**EXERCISE PROMPT**.
Leave out every picture and set down, exactly, the lines below from the one holding "a woman in a" up to and including the one holding "Experience resort-style living".

**SOURCE DATA**.
+-------+
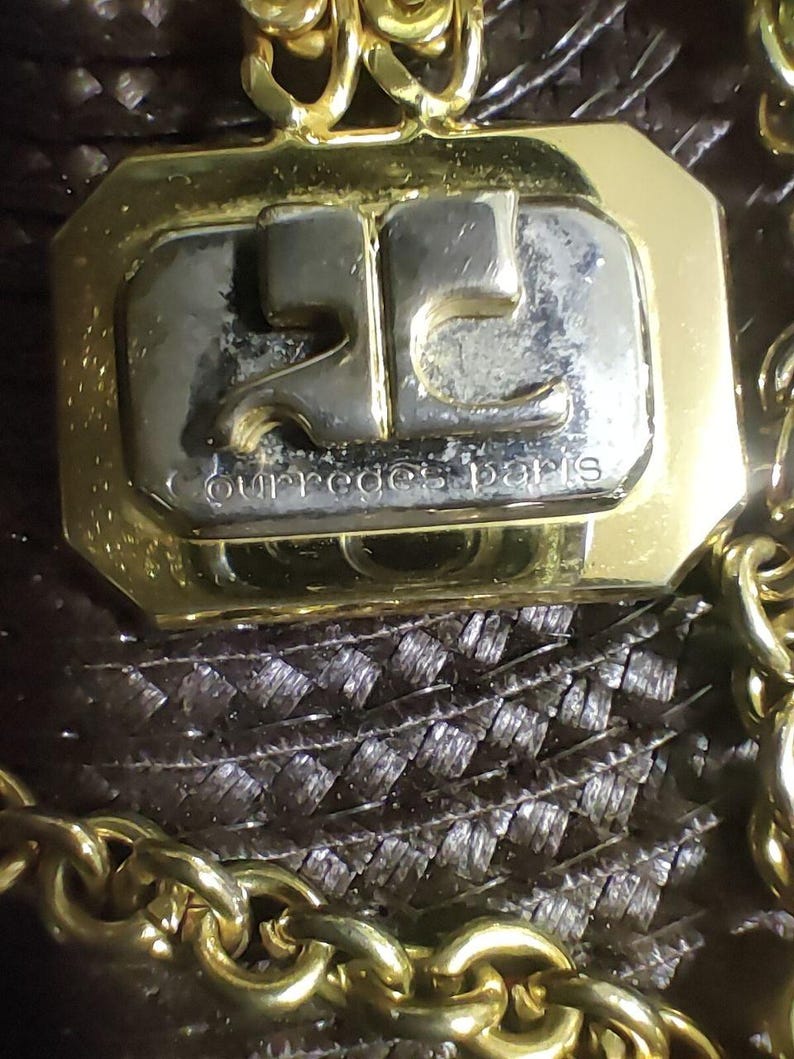 May include: A gold-toned metal pendant featuring a rectangular silver-toned center with the embossed logo and the text courreges paris. The pendant is attached to a thick gold-toned chain link necklace with a polished finish and reflective surface.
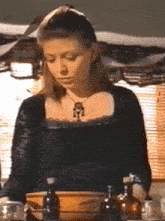 a woman in a black dress is standing in front of a bowl of liquid .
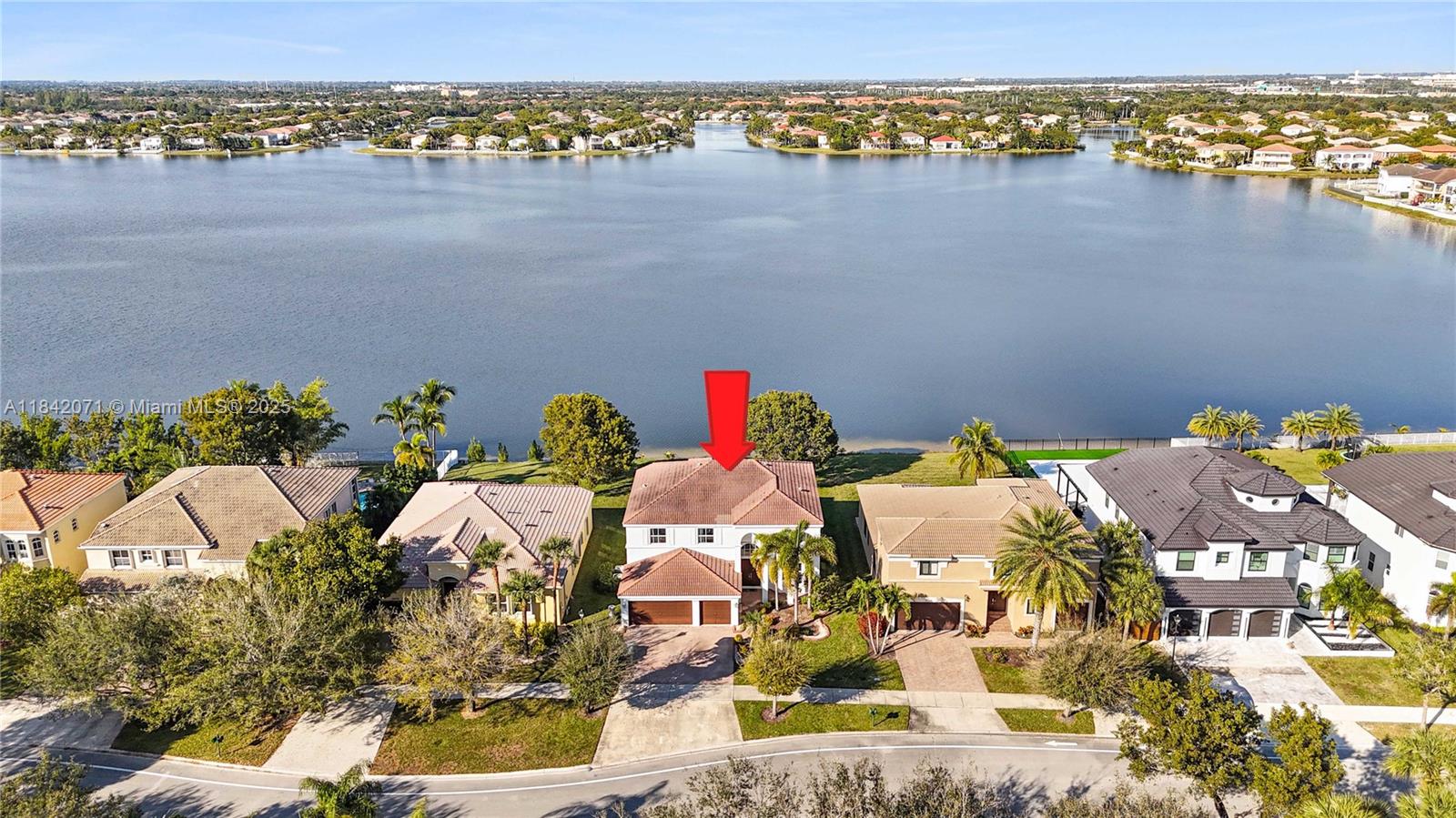 Experience resort-style living in this stunning lakefront home in the prestigious Riviera Isles community!This beautifully maintained 4-bed/3-bath residence offers the perfect combination of elegance & functionality across two spacious levels.Step inside to discover an open-concept layout filled w/natural light,a chef’s kitchen featuring a walk-in pantry,& a versatile first-floor flex room—ideal as a gym,office,or 5th bed—with a full bath conveniently located nearby.The expansive primary suite includes a private balcony w/ breathtaking views of the community’s largest lake,offering unmatched tranquility.Nestled in a guard-gated neighborhood w/premium amenities.Nearly every room captures stunning water views,making it the perfect South Florida retreat for both everyday living & entertaining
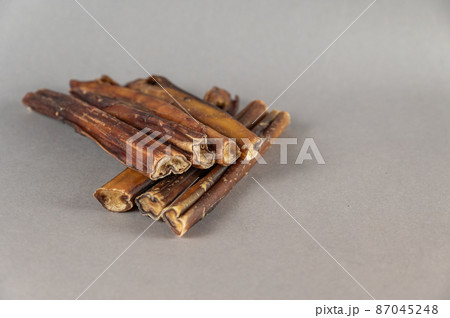 Pet chew treats. Natural dried dog treats against a gray background. Group of bully sticks. Pet supplies. 87045248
+-------+
**YOUR SOLUTION**.
 a woman in a black dress is standing in front of a bowl of liquid .
 Experience resort-style living in this stunning lakefront home in the prestigious Riviera Isles community!This beautifully maintained 4-bed/3-bath residence offers the perfect combination of elegance & functionality across two spacious levels.Step inside to discover an open-concept layout filled w/natural light,a chef’s kitchen featuring a walk-in pantry,& a versatile first-floor flex room—ideal as a gym,office,or 5th bed—with a full bath conveniently located nearby.The expansive primary suite includes a private balcony w/ breathtaking views of the community’s largest lake,offering unmatched tranquility.Nestled in a guard-gated neighborhood w/premium amenities.Nearly every room captures stunning water views,making it the perfect South Florida retreat for both everyday living & entertaining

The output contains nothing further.